*Exercise brief*
With pictures excluded, copy word for word the lines in the data below from the line containing "Hello, my friend." through the line containing "Hi, I'm Damian".

*Data for this exercise*
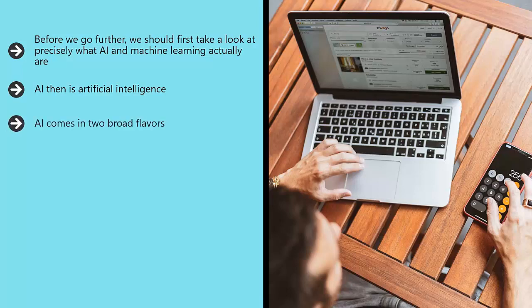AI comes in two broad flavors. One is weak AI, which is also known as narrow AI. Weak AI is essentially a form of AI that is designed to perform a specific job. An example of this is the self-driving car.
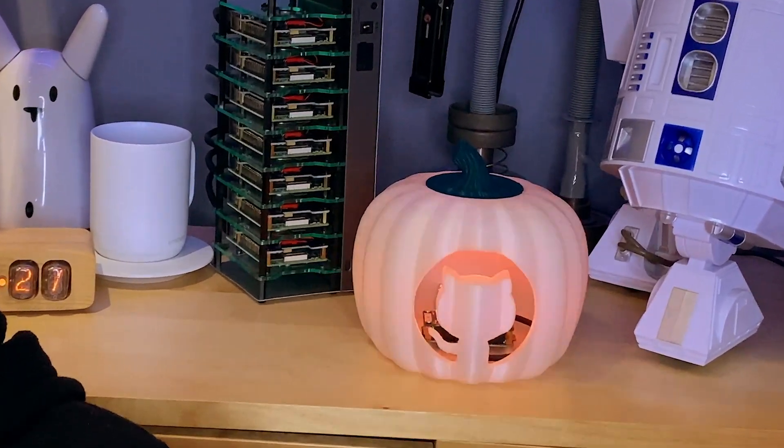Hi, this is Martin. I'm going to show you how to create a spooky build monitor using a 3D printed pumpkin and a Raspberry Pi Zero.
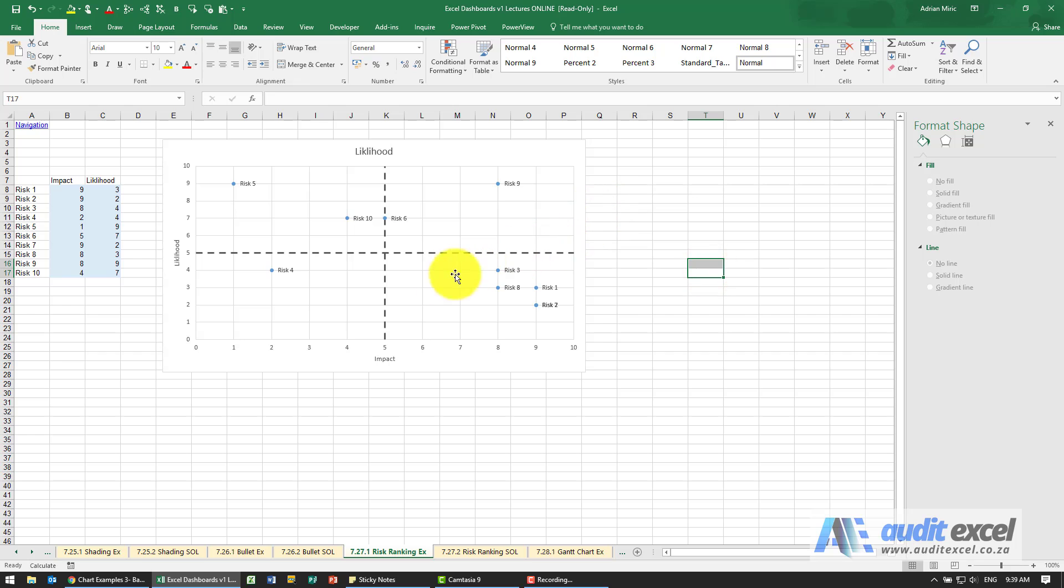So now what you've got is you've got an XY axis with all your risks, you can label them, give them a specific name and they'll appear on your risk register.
* * *
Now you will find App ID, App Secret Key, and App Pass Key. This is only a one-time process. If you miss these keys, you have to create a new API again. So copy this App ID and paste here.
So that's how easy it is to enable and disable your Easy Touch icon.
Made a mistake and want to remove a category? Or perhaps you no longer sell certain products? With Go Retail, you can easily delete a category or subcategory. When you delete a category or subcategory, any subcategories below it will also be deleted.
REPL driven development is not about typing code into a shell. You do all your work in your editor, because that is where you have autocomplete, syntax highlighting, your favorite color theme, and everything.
...
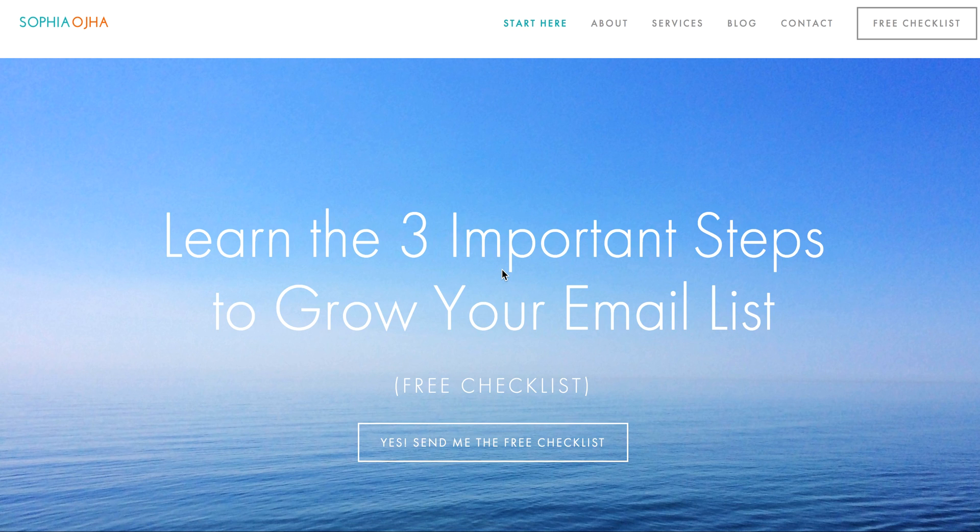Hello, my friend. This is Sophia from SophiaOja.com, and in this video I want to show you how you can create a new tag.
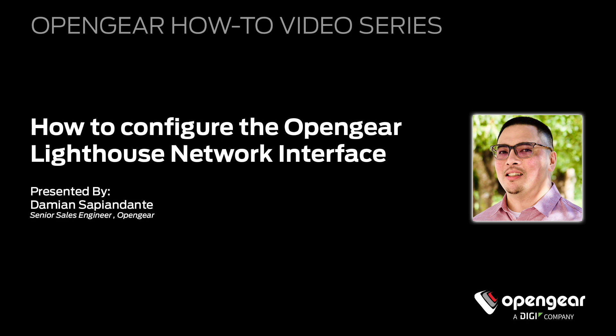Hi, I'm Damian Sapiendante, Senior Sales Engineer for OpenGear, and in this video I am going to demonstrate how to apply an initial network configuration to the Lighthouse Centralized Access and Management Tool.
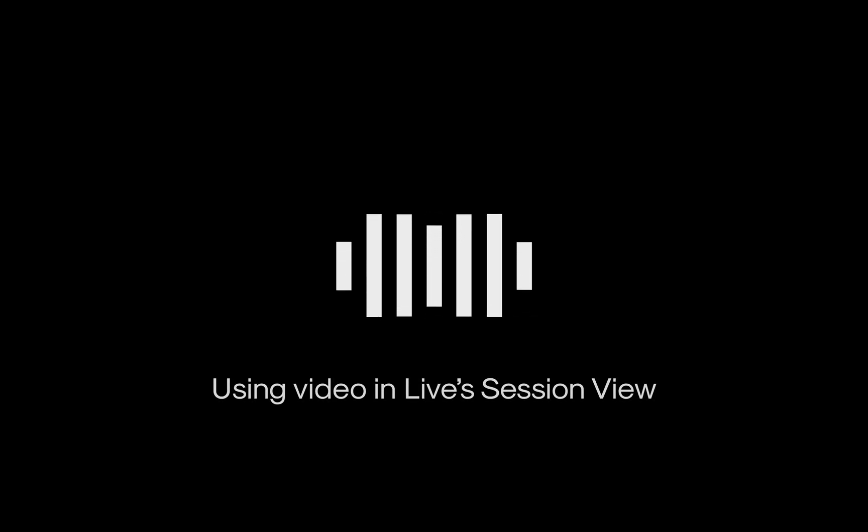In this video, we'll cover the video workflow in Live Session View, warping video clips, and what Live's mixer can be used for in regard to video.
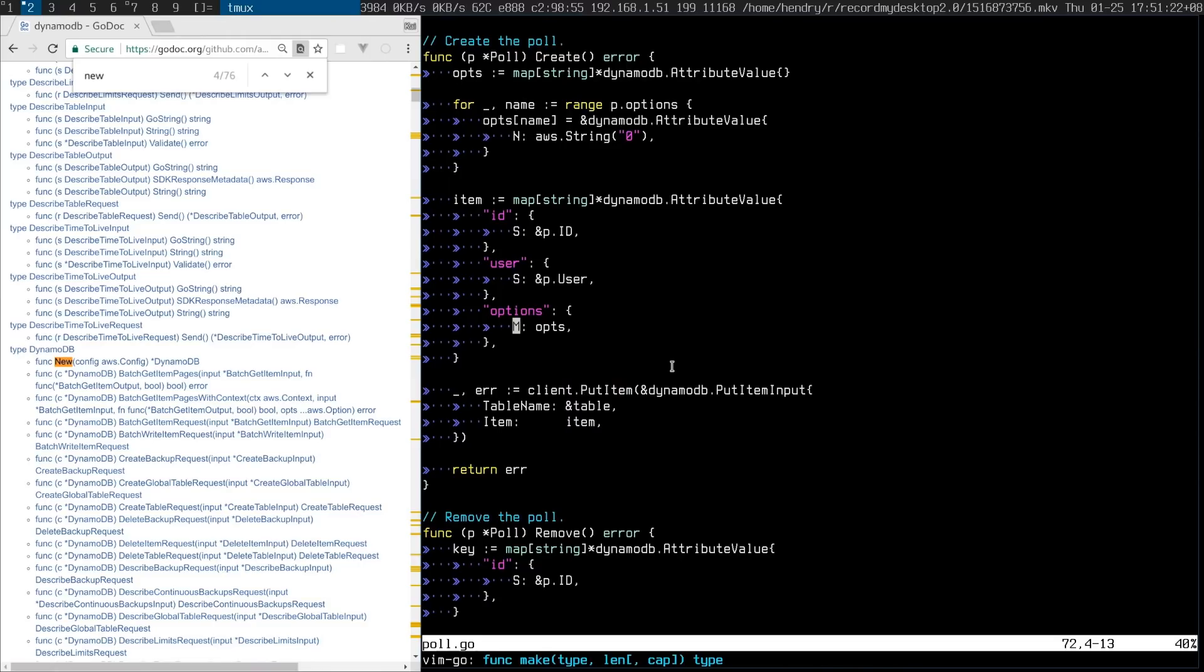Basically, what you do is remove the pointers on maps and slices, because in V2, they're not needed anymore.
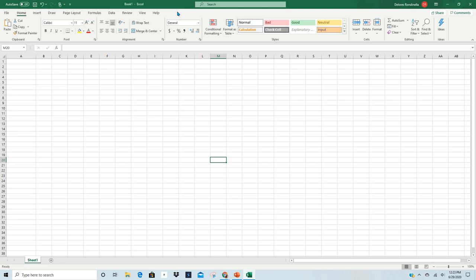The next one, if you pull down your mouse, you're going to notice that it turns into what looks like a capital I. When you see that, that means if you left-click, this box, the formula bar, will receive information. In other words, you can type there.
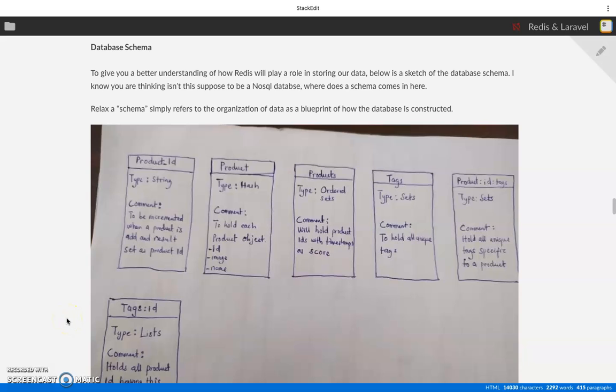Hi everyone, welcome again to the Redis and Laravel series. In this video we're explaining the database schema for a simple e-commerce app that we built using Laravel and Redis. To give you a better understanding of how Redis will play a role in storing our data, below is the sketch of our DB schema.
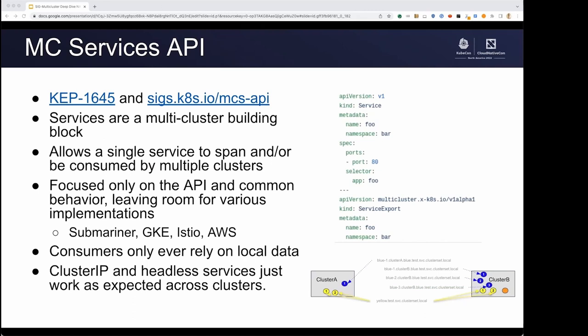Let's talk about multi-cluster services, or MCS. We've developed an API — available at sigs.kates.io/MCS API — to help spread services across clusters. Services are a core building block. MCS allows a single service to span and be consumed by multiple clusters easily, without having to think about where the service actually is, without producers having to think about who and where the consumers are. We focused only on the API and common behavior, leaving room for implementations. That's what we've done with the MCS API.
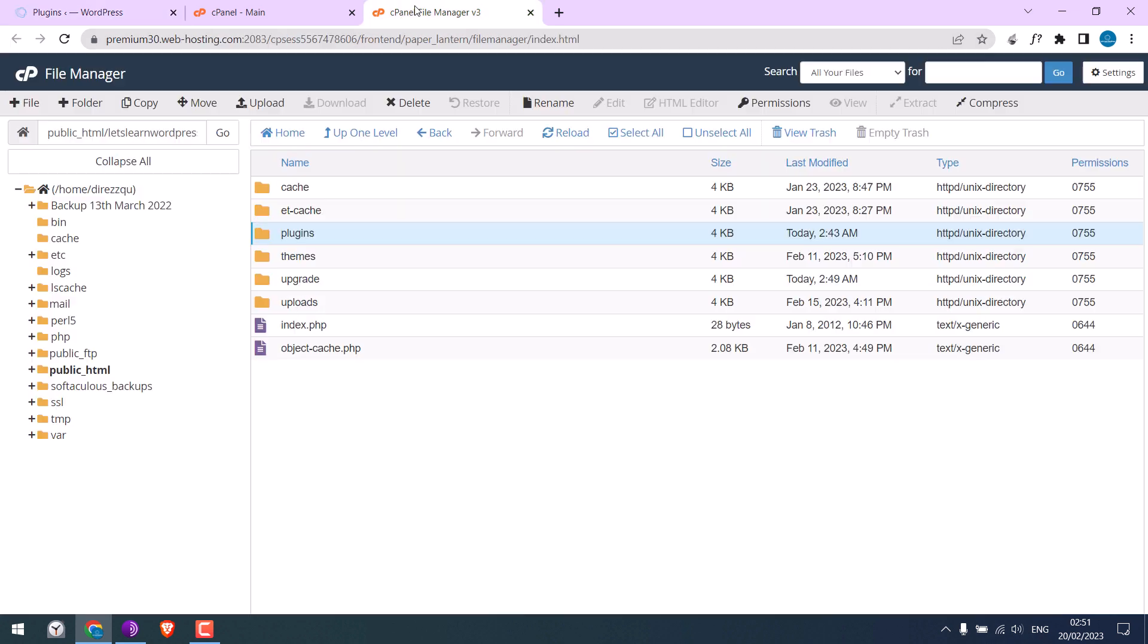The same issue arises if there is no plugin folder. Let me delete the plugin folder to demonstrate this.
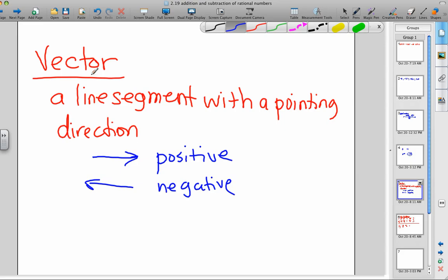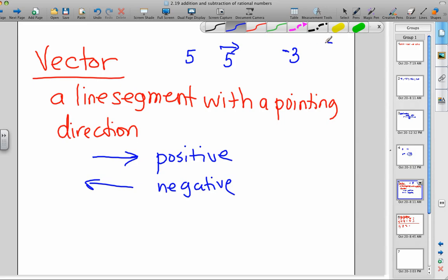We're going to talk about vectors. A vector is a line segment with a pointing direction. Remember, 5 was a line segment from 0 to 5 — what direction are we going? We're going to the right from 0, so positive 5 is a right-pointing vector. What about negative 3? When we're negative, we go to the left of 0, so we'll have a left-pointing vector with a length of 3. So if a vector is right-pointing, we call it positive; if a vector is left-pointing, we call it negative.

*Expected answer*
Hello, my friend. This is Sophia from SophiaOja.com, and in this video I want to show you how you can create a new tag.
Hi, I'm Damian Sapiendante, Senior Sales Engineer for OpenGear, and in this video I am going to demonstrate how to apply an initial network configuration to the Lighthouse Centralized Access and Management Tool.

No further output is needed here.